Anybody know of the best way to approach this? Would greatly appreciate any advice or assistance you can provide.Thanks!
So I asked the same question on the babylon forums which helped me to find a solution. All credit goes to the guy's that helped me out over there but just in case someone else comes across this question seeking an answer, here is a link to that forum question https://forum.babylonjs.com/t/showing-highlighted-silhouette-of-mesh-only-when-it-is-occluded/27783/7
Edit:
Ok thought i'd include the two possible solutions here properly as well as their babylon playgrounds. All credit goes to roland & evgeni_popov who came up with these solutions on the forum linked above.
The first solution is easier to implement but slightly less performant than the second solution.
Clone Solution: https://playground.babylonjs.com/#JXYGLT%235
// roland#babylonjs.xyz, 2022
const createScene = function () {
const scene = new BABYLON.Scene(engine);
const camera = new BABYLON.ArcRotateCamera('camera', -Math.PI / 2, Math.PI / 2, 20, new BABYLON.Vector3(0, 0, 0), scene)
camera.attachControl(canvas, true);
const light = new BABYLON.HemisphericLight("light", new BABYLON.Vector3(0, 1, 0), scene);
light.intensity = 0.7;
const wall = BABYLON.MeshBuilder.CreateBox('wall', { width: 5, height: 5, depth: 0.5 }, scene)
wall.position.y = 1
wall.position.z = -2
const sphere = BABYLON.MeshBuilder.CreateSphere('sphere', { diameter: 2, segments: 32 }, scene)
sphere.position.y = 1
const sphereClone = sphere.clone('sphereClone')
sphereClone.setEnabled(false)
const matc = new BABYLON.StandardMaterial("matc", scene);
matc.depthFunction = BABYLON.Constants.ALWAYS;
matc.disableColorWrite = true;
matc.disableDepthWrite = true;
sphereClone.material = matc;
sphere.occlusionQueryAlgorithmType = BABYLON.AbstractMesh.OCCLUSION_ALGORITHM_TYPE_ACCURATE
sphere.occlusionType = BABYLON.AbstractMesh.OCCLUSION_TYPE_STRICT
const hl = new BABYLON.HighlightLayer('hl1', scene, { camera: camera })
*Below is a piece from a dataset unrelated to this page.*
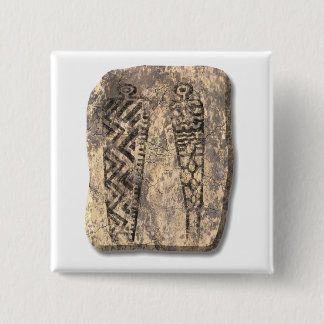 Pictograph men-stone 15 cm square badge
hl.addMesh(sphereClone, BABYLON.Color3.Green())
hl.addExcludedMesh(wall);
let t = 0;
scene.onBeforeRenderObservable.add(() => {
sphere.position.x = 10 * Math.cos(t);
sphere.position.z = 100 + 104 * Math.sin(t);
if (sphere.isOccluded) {
sphereClone.setEnabled(true)
sphereClone.position.copyFrom(sphere.position);
} else {
sphereClone.setEnabled(false)
}
t += 0.03;
})
return scene;
};
This second solution is slightly more performant than above as you don't need a clone but involves overriding the AbstactMesh._checkOcclusionQuery function which is the function that updates the isOccluded property for meshes such that the mesh is always rendered even when occluded. There’s no overhead if you are using the occlusion queries only for the purpose of drawing silhouettes however If you are also using them to avoid drawing occluded meshes then there’s an overhead because the meshes will be drawn even if they are occluded. In which case your probably best of going with the first solution
Non-Clone solution: https://playground.babylonjs.com/#JXYGLT#14
// roland#babylonjs.xyz, 2022
const createScene = function () {
const scene = new BABYLON.Scene(engine);
const camera = new BABYLON.ArcRotateCamera('camera', -Math.PI / 2, Math.PI / 2, 20, new BABYLON.Vector3(0, 0, 0), scene)
camera.attachControl(canvas, true);
const light = new BABYLON.HemisphericLight("light", new BABYLON.Vector3(0, 1, 0), scene);
light.intensity = 0.7;
const wall = BABYLON.MeshBuilder.CreateBox('wall', { width: 5, height: 5, depth: 0.5 }, scene)
wall.position.y = 1
wall.position.z = -2
const sphere = BABYLON.MeshBuilder.CreateSphere('sphere', { diameter: 2, segments: 32 }, scene)
sphere.position.y = 1
sphere.occlusionQueryAlgorithmType = BABYLON.AbstractMesh.OCCLUSION_ALGORITHM_TYPE_ACCURATE
sphere.occlusionType = BABYLON.AbstractMesh.OCCLUSION_TYPE_STRICT
const mats = new BABYLON.StandardMaterial("mats", scene);
sphere.material = mats;
const hl = new BABYLON.HighlightLayer('hl1', scene, { camera: camera })
hl.addExcludedMesh(wall);
let t = 0;
const cur = BABYLON.AbstractMesh.prototype._checkOcclusionQuery;
scene.onDisposeObservable.add(() => {
BABYLON.AbstractMesh.prototype._checkOcclusionQuery = cur;
});
BABYLON.AbstractMesh.prototype._checkOcclusionQuery = function() {
cur.apply(this);
return false;
}
scene.onBeforeRenderObservable.add(() => {
sphere.position.x = 10 * Math.cos(t);
sphere.position.z = 100 + 104 * Math.sin(t);
if (sphere.isOccluded) {
hl.addMesh(sphere, BABYLON.Color3.Green())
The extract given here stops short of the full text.